One of the most noticeable problem was the record low sea ice in the winter in the Sea & # 39; Bering in 2017 and 2018, scientists said.
In February, the Bering Sea "lost area & # 39; ice zone & # 39; Idaho", said Donald Perovich, engineering professor Dartmouth College, co-author of the paper & # 39; report.
This is a problem because the sea ice of the oldest and thickest declining 95 percent from 30 years ago. In 1985, about one sixth of ice was thick Arctic sea of & # 39; many years in the snow, now is maybe one percent, said Perovich.
the marine mammal biologist & # 39; University & # 39; Alaska Fairbanks Gay Sheffield not only studying the record & # 39; low ice, but lives every day in & # 39; Numei, is situated north on the Bering Sea.
"I walked away from Nome and had open water in & # 39; December," Sheffield said at the American Geophysical Union conference in & # 39; Washington. "We have much impact us."
"After this free zone hail is having such a huge environmental change," said Sheffield, adding that there was "multi-species die" of ocean life. She said that includes the first mass of the spring dies of seals along the Strait & # 39; Bering.
The ornithologist George Divoky who has been studying black gillemots of & # 39; Cooper Island for 45 years noted something different this year. In the past, a pair of 225 & # 39; of seabirds nesting arriving at his island. This work of the past winter was to put 85 pairs but only 50 white and 25 had only & # 39; successful openings. He blamed the lack of & # 39; sea ice in winter.
"It was like a ghost town," said Divoky.
With the general melting, especially in summer, herds of & # 39; Caribou and wild reindeer have fallen about 55 percent – from 4.7 million to 2.1 million animals – through heating and flies and parasites that brings, said Howard Epstein book report & # 39; University & # 39; Virginia.
The researcher & # 39; & # 39 of Fairbanks; University & # 39; Alaska Vladimir Romanovsky said he was alarmed by what happened to permafrost – ground that remains & # 39; frozen year & # 39; away. This past year, Romanovsky found 25 spots used for freezing at & # 39; in January, then February, but never frozen this year.

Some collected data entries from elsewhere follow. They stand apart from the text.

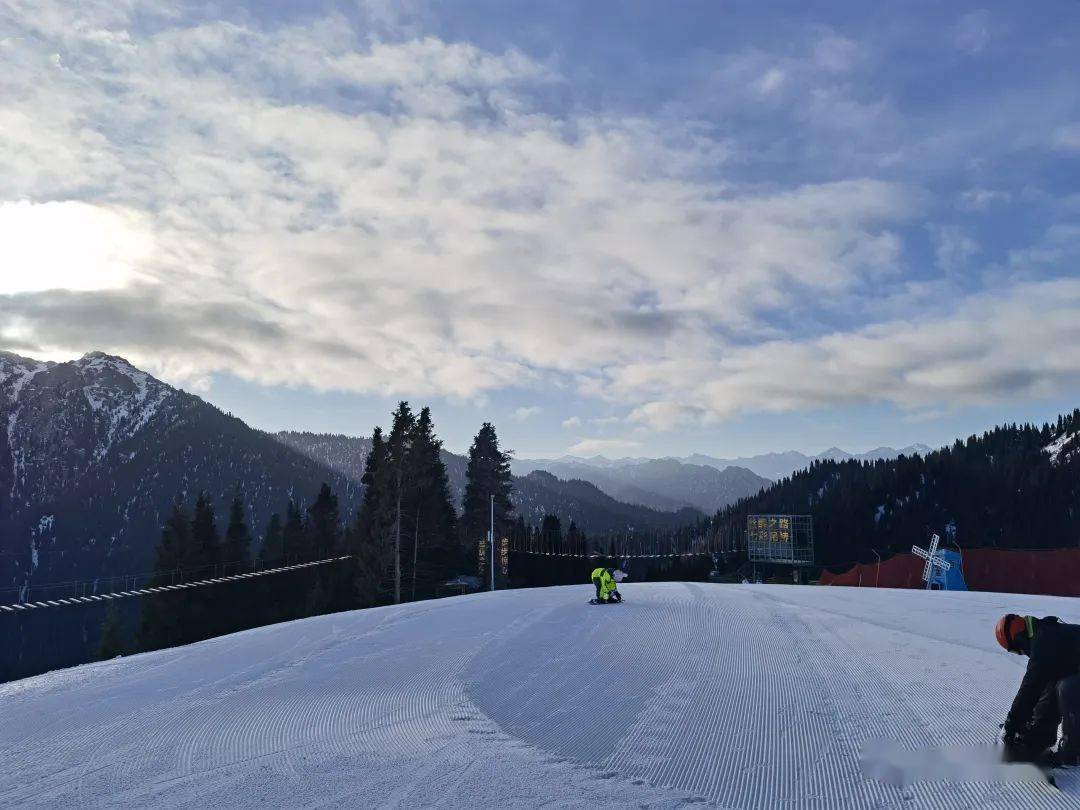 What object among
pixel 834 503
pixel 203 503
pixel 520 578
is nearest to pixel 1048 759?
pixel 203 503

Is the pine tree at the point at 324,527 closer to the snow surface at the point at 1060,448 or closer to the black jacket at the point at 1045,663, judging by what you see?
the black jacket at the point at 1045,663

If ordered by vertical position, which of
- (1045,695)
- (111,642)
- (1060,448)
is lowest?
(111,642)

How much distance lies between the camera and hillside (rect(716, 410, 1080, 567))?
135875 millimetres

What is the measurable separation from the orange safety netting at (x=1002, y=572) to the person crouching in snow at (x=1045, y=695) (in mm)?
24882

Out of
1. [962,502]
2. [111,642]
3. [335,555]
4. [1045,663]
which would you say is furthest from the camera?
[962,502]

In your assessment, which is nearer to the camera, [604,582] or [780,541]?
[604,582]

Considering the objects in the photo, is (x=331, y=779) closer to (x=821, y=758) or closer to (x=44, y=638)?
(x=821, y=758)

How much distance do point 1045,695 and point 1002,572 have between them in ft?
98.5

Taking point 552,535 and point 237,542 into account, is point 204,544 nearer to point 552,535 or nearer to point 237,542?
point 237,542

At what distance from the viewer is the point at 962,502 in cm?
15150

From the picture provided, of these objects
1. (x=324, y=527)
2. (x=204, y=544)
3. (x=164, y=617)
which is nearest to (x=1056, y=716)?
(x=164, y=617)

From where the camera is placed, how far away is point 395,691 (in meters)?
8.10

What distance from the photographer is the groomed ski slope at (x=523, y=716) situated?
521 centimetres

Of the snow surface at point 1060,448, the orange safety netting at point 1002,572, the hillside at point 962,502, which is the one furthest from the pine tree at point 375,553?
the snow surface at point 1060,448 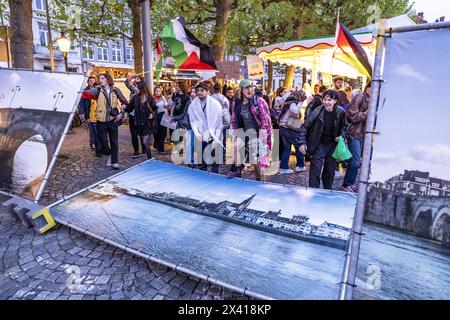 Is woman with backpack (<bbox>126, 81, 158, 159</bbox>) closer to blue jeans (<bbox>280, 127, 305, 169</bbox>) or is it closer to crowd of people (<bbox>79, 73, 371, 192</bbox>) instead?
crowd of people (<bbox>79, 73, 371, 192</bbox>)

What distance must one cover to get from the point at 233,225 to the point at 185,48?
423 cm

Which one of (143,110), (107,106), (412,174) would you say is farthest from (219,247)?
(143,110)

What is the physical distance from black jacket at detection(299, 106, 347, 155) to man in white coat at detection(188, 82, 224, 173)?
1800 millimetres

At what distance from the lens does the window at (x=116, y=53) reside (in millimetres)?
41425

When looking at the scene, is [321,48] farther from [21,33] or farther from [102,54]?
[102,54]

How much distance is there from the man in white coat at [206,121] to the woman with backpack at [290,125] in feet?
5.14

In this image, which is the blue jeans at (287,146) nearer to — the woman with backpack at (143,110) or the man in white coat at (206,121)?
the man in white coat at (206,121)

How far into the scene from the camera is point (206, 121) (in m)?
5.95

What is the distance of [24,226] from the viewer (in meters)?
4.19

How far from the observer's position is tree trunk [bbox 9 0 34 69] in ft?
24.4

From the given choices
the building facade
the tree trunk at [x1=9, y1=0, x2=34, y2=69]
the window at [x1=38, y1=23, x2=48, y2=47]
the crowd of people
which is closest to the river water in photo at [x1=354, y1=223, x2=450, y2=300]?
the crowd of people

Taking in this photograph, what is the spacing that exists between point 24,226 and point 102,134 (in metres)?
3.06

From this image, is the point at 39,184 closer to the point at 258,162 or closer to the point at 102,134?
the point at 102,134
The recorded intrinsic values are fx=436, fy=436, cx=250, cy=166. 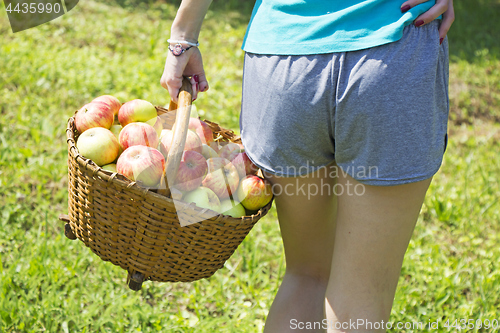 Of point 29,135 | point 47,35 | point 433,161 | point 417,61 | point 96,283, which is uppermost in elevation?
point 417,61

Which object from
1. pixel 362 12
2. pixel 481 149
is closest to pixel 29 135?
pixel 362 12

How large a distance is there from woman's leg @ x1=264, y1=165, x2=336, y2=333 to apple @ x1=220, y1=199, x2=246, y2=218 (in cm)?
12

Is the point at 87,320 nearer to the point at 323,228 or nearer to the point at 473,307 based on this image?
the point at 323,228

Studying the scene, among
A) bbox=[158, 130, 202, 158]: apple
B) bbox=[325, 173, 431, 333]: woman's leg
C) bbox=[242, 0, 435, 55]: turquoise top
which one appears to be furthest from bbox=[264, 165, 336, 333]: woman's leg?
bbox=[242, 0, 435, 55]: turquoise top

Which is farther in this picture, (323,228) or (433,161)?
(323,228)

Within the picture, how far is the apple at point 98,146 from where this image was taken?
128cm

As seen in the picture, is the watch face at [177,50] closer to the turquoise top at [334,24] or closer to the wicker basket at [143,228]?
the wicker basket at [143,228]

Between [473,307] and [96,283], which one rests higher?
[96,283]

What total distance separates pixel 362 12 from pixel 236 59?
11.5ft

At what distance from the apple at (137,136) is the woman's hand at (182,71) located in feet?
0.45

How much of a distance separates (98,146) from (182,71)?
34 cm

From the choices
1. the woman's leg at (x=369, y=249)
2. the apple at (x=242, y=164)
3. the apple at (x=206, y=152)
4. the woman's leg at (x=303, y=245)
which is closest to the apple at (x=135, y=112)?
the apple at (x=206, y=152)

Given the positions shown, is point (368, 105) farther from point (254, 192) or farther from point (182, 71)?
point (182, 71)

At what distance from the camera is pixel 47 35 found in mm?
4102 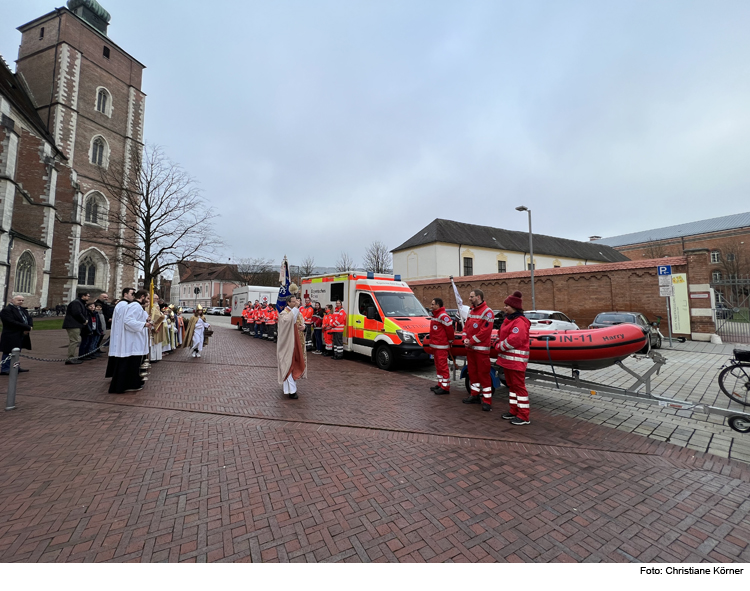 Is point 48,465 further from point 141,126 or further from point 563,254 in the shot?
point 563,254

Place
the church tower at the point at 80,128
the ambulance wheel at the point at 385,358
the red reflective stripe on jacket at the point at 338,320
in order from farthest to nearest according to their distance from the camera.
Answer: the church tower at the point at 80,128
the red reflective stripe on jacket at the point at 338,320
the ambulance wheel at the point at 385,358

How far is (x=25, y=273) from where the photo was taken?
22453mm

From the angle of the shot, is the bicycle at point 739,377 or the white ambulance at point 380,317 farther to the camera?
the white ambulance at point 380,317

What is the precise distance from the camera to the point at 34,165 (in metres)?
23.2

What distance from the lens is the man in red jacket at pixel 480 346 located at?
5457mm

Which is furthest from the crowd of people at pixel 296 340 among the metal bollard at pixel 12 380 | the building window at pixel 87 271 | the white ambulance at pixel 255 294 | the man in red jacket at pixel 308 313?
the building window at pixel 87 271

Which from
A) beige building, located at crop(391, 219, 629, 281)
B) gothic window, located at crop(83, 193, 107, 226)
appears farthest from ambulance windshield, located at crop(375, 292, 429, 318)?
gothic window, located at crop(83, 193, 107, 226)

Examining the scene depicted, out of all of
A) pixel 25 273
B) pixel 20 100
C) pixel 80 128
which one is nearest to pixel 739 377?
pixel 25 273

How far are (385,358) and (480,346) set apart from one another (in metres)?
3.85

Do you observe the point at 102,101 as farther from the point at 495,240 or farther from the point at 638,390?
the point at 638,390

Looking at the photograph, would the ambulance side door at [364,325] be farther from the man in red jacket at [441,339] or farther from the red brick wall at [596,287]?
the red brick wall at [596,287]

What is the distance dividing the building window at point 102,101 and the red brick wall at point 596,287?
39322 millimetres

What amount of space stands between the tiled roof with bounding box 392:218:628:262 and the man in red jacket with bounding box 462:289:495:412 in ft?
110

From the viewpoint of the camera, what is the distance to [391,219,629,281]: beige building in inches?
1528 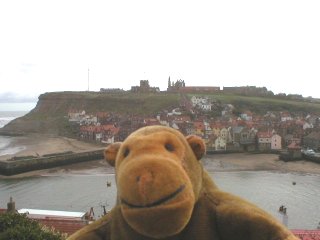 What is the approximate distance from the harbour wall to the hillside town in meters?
7.35

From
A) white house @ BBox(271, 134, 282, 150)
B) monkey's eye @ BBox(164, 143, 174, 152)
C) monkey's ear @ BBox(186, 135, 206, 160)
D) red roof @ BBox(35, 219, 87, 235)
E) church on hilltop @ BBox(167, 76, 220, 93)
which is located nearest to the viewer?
monkey's eye @ BBox(164, 143, 174, 152)

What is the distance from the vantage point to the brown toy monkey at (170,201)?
8.86ft

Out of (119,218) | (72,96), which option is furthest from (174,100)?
(119,218)

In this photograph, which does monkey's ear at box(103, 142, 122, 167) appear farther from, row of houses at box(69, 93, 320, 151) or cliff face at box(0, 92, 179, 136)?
cliff face at box(0, 92, 179, 136)

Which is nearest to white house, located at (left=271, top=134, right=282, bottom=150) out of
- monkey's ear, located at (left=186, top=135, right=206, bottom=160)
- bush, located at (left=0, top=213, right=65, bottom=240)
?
bush, located at (left=0, top=213, right=65, bottom=240)

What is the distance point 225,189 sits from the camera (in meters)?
30.3

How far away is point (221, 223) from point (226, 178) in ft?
105

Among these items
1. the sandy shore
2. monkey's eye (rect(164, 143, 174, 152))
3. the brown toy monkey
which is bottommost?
the sandy shore

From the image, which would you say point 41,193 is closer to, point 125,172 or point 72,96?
point 125,172

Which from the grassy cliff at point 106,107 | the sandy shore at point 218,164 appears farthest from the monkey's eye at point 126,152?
the grassy cliff at point 106,107

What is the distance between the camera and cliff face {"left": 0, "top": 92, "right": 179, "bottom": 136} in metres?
72.6

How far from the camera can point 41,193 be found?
2873cm

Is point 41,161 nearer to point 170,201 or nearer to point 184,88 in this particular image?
point 170,201

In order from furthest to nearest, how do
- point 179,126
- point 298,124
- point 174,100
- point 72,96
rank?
point 72,96, point 174,100, point 298,124, point 179,126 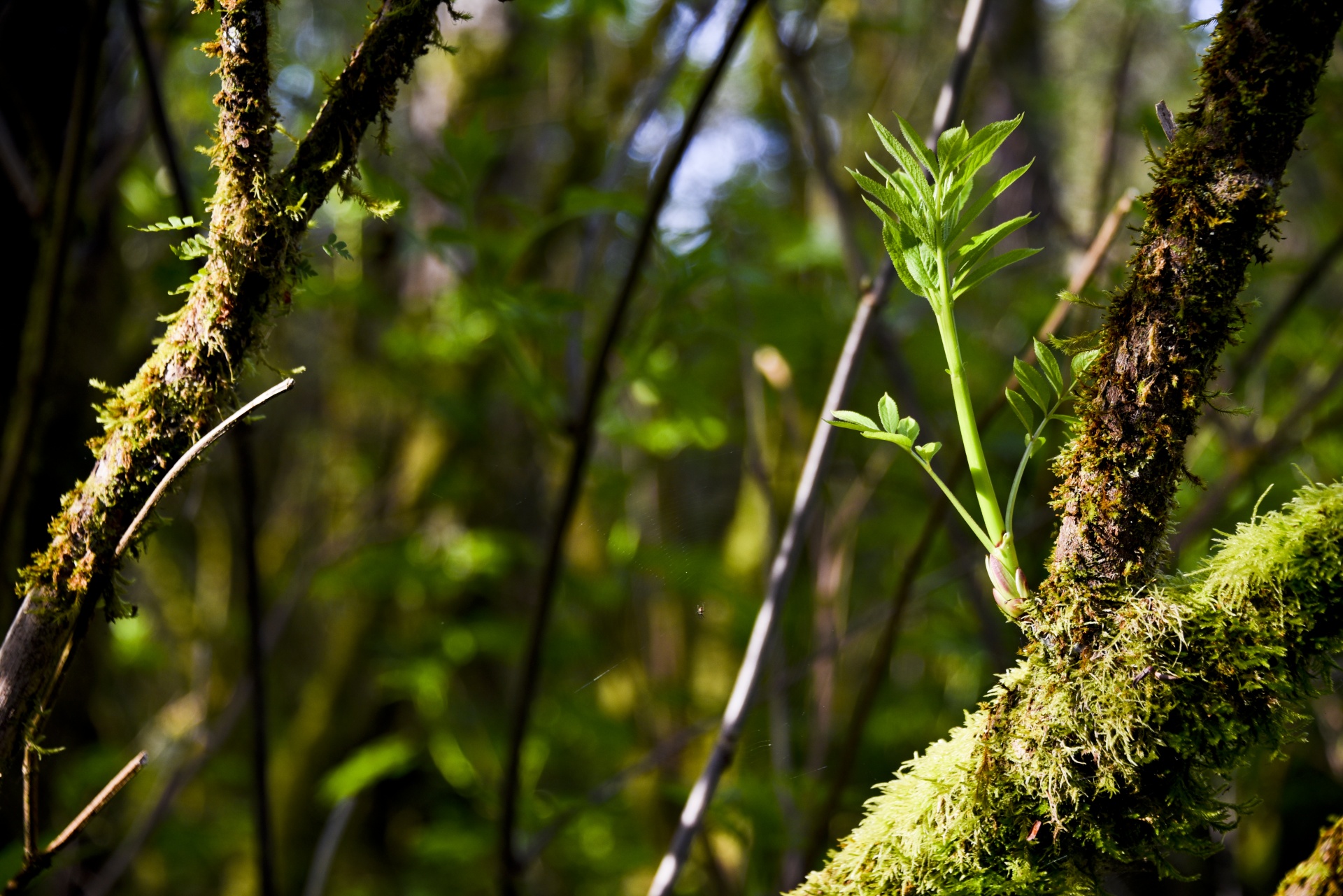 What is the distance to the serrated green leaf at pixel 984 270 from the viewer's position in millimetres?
474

Due to the warming, the Arctic is "seeing concentrations & # 39; algal toxins moving north" to infect birds, mammals and shellfish to become a public health and economic problem.
And hot and Arctic sea ice melting have been connected to & # 39; changes in jet brought extreme winter storms in the East in the past year, said Osborne.
But not only the Arctic. The last radar space-based NASA, Icesat 2, in its first few months have already found that the ice shelf & # 39; Dotson in Antarctica lost more than 390 feet (120 meters) thick by -2003, said left radar scientist Ben Smith & # 39; Washington.
Another study was released Monday by NASA found unusual melting at & # 39; eastern parts of & # 39; Antarctica, scientists were generally considered stable.
Four & # 39; & # 39 glaciers in; Vincennes Bay lost eleven feet & # 39; ice thickness since 2008, said NASA scientists left Catherine Walker and Alex Gardner.
The loss of & # 39; ice sheets in Antarctica can & # 39; leading to a huge rise in sea level.
"We are starting to see a change that is related to & # 39; ocean," said Gardner. "Believe it or not this is the first time you are to see in & # 39; this place."